Jusqu’à ce qu’il rentre à l’hôpital, M.Z résidait à titre gratuit chez Mme B.
Par une proposition de rectification, l’administration fiscale a procédé à un rappel de droits de mutation à titre gratuit.
L’administration fiscale se réfère à l’article 750 ter du CGI (Code Général des Impôts) : «'Sont soumis aux droits de mutation à titre gratuit :
1° Les biens meubles et immeubles situés en France ou hors de France, et notamment les fonds publics, parts d’intérêts, biens ou droits composant un trust défini à l’article 792-0 bis et produits qui y sont capitalisés, créances et généralement toutes les valeurs mobilières françaises ou étrangères de quelque nature qu’elles soient, lorsque le donateur ou le défunt a son domicile fiscal en France au sens de l’article 4B;
2° Les biens meubles et immeubles, que ces derniers soient possédés directement ou indirectement, situés en France, et notamment les fonds publics français, parts d’intérêts, biens ou droits composant un trust défini à l’article 792-0 bis et produits qui y sont capitalisés, créances et valeurs mobilières françaises, lorsque le donateur ou le défunt n’a pas son domicile fiscal en France au sens de l’article précité.
(…)'»
Et elle réintègre à l’actif successoral la somme de 10 000 €, ainsi que d’un actif d’une valeur de 17 902 € au titre de créances détenues par le défunt sur Mme B.

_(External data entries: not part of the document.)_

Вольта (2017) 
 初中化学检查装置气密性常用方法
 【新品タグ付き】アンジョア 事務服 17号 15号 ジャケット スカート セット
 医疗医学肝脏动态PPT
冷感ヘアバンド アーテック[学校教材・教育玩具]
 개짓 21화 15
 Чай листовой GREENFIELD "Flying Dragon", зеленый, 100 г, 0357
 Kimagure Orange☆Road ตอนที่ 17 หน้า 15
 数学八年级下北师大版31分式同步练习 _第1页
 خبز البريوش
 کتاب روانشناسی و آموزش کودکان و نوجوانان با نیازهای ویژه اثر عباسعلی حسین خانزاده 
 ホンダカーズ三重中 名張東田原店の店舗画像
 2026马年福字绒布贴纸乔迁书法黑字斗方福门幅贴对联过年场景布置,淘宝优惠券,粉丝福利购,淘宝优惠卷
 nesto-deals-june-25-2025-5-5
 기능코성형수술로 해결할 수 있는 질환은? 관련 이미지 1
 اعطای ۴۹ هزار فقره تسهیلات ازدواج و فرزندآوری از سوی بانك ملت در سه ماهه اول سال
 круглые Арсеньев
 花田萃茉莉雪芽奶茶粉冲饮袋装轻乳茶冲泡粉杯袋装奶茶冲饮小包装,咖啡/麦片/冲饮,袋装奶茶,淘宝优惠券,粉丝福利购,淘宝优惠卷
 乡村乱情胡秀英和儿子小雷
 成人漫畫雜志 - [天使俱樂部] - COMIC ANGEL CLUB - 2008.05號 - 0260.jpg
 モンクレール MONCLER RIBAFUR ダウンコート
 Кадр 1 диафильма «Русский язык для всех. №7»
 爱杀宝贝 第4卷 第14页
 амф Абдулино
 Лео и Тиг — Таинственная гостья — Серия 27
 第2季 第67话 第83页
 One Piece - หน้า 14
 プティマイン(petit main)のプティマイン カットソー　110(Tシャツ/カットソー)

Puis elle procède à une nouvelle liquidation de l’abattement légal sur les mutations à titre gratuit entre non-parent.
S’en suit un rappel de 20 481 €, et des intérêts de retard.
Mme B a adressé aux services fiscaux une demande rejetée de remise gracieuse des intérêts de retard, puis une réclamation contentieuse également rejetée.
Mme B assigne l’Etat
Par jugement le tribunal dit que la somme de 10 000 € retirée, et les créances n’ont pas à être réintégrées dans l’actif successoral de M. Z
L’Etat a interjeté appel de ce jugement
Pour réintégrer à l’actif successoral des espèces retirées d’un compte bancaire du défunt, il appartient à l’administration fiscale d’apporter la preuve de la conservation par le défunt des espèces retirées avant son décès.
Les retraits ainsi réalisés sont taxables aux droits de succession si l’administration fiscale prouve que l'argent a été conservé par l’intéressé. La preuve résulte généralement d'un faisceau d'indices.
M. Z effectuait régulièrement des retraits de l’ordre de 700 € à 1000 ou 1500 €. Et à titre exceptionnel avant le retrait litigieux, deux retraits pour un montant total de 1650 €. Donc Il est ainsi démontré que le retrait litigieux de 10 000 € excédait les habitudes de retraits de l’intéressé.
L’administration réintègre donc ces sommes dans l’actif successoral et les impose aux droits de succession.
Pour la cour d’appel, infirmant le jugement rendu en première instance, le fisc a valablement démontré, au moyen d’un faisceau d’indices sérieux et concordants, le maintien des fonds dans le patrimoine du défunt.
Par ces motifs :
La cour ;
Statuant à nouveau,
Dit que la somme de 10 000 € retirée le 15 décembre 2011 doit être réintégrée dans l’actif successoral de M. Z.
Commentaire de LégiFiscal
Les retraits réalisés sur le compte du défunt avant son décès, sont taxables aux droits de succession si l’administration fiscale prouve que l'argent a été conservé par l’intéressé. Cette démonstration résulte généralement d'un faisceau d'indices.
L’importance du retrait, auquel s’ajoute l’absence d’utilisation des fonds pour payer des charges, tout cela amène l’administration fiscale à considérer que l’argent a été conservé par le défunt jusqu’à son décès.
Se basant sur l’article 750 ter du CGI, l’administration réintègre donc ces sommes dans l’actif successoral et les impose aux droits de succession.